### The task
From the entries below, write out exactly the lines between the line holding "Israel heart shape" and the line holding "NS18 Vintage Butterfly", inclusive, excluding any pictures.

### Data shown
= = = =
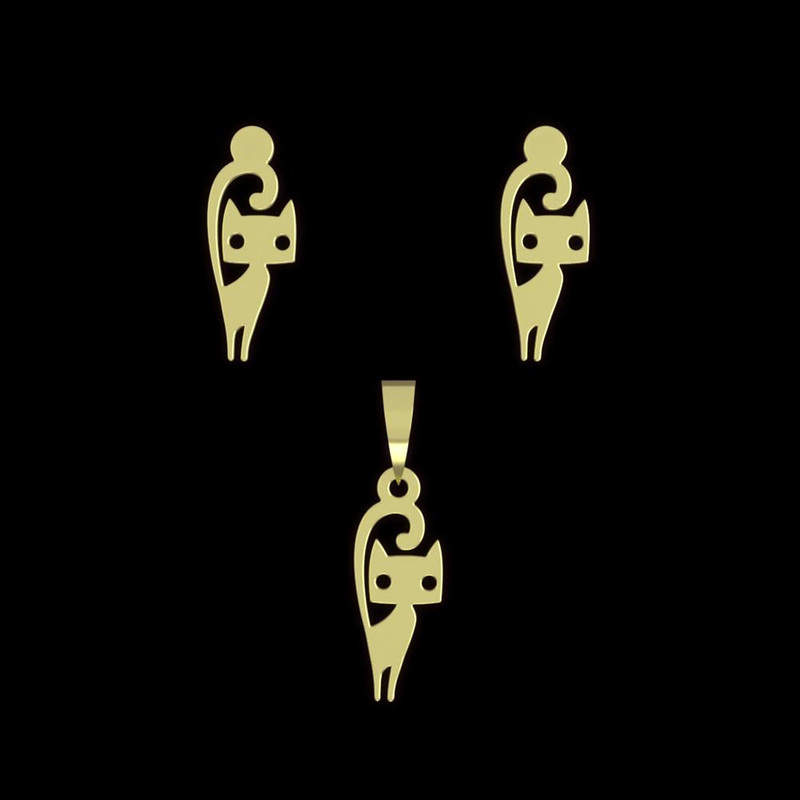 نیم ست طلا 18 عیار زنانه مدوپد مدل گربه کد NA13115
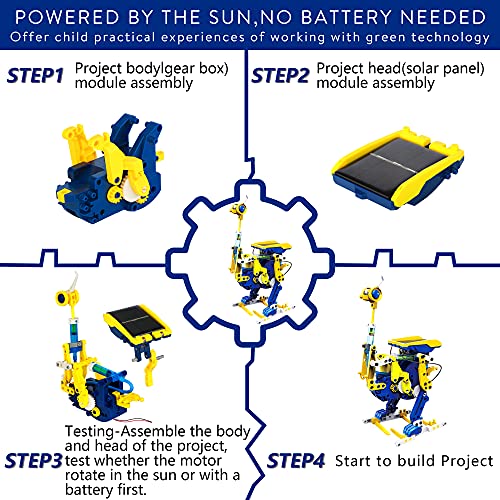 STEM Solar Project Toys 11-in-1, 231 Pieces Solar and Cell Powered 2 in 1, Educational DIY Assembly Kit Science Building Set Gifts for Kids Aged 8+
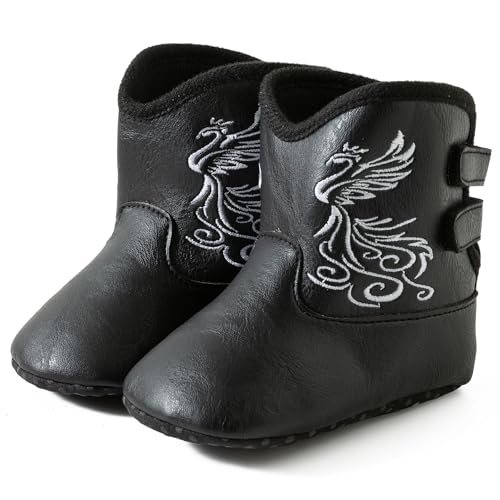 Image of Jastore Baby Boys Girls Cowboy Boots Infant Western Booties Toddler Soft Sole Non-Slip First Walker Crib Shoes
= = = =
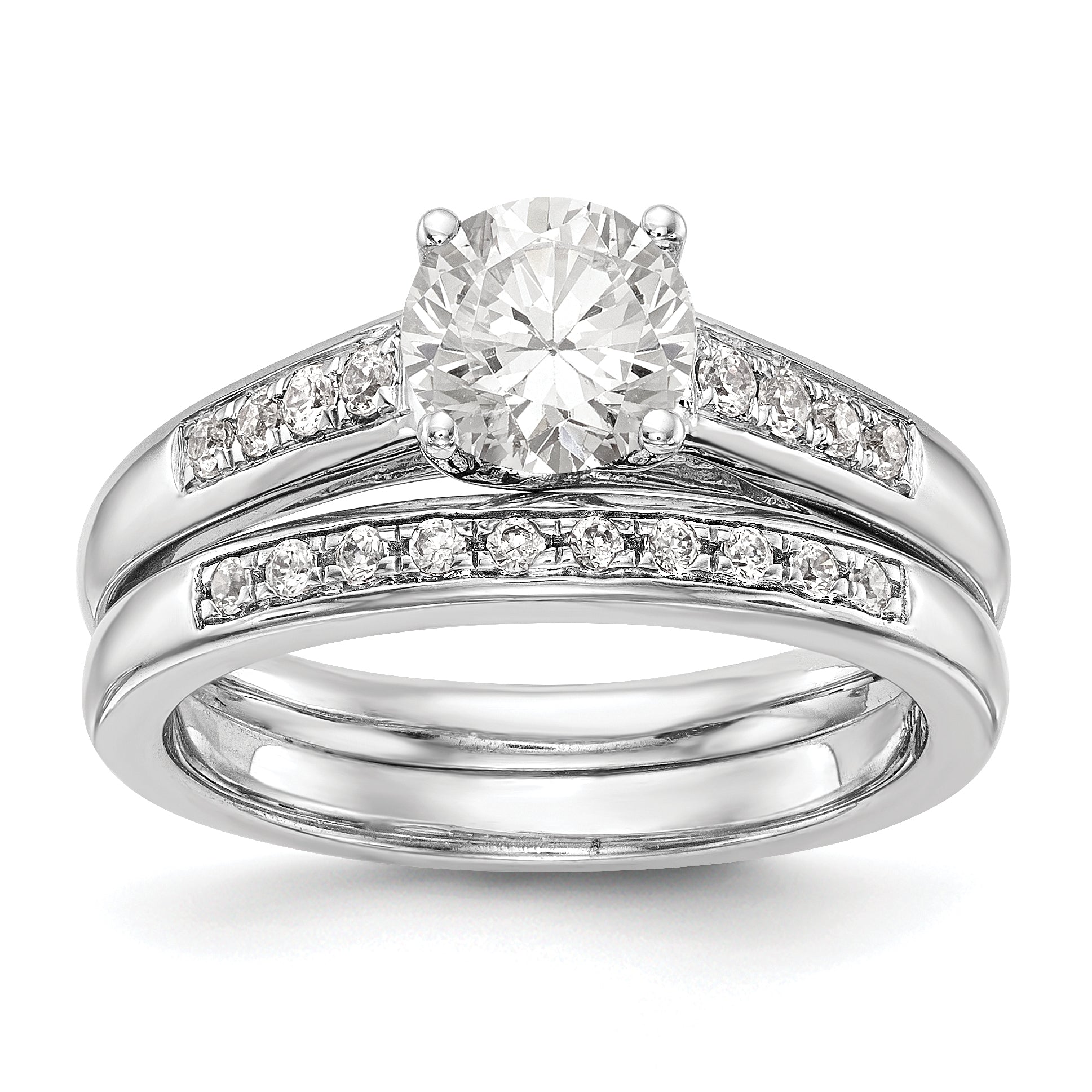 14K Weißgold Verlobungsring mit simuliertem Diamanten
= = = =
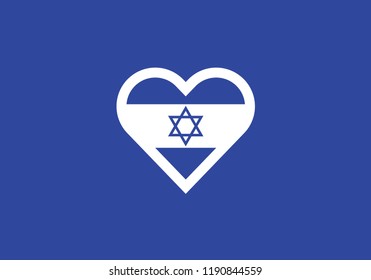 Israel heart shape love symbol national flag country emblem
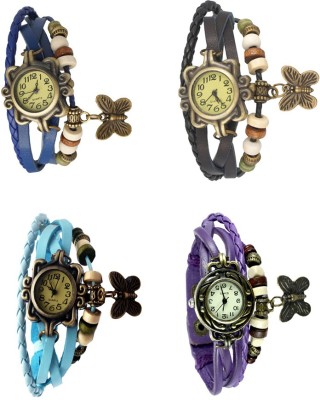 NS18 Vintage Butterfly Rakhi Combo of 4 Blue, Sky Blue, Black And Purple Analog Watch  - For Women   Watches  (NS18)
= = = =
### Exercise output
 Israel heart shape love symbol national flag country emblem
 NS18 Vintage Butterfly Rakhi Combo of 4 Blue, Sky Blue, Black And Purple Analog Watch  - For Women   Watches  (NS18)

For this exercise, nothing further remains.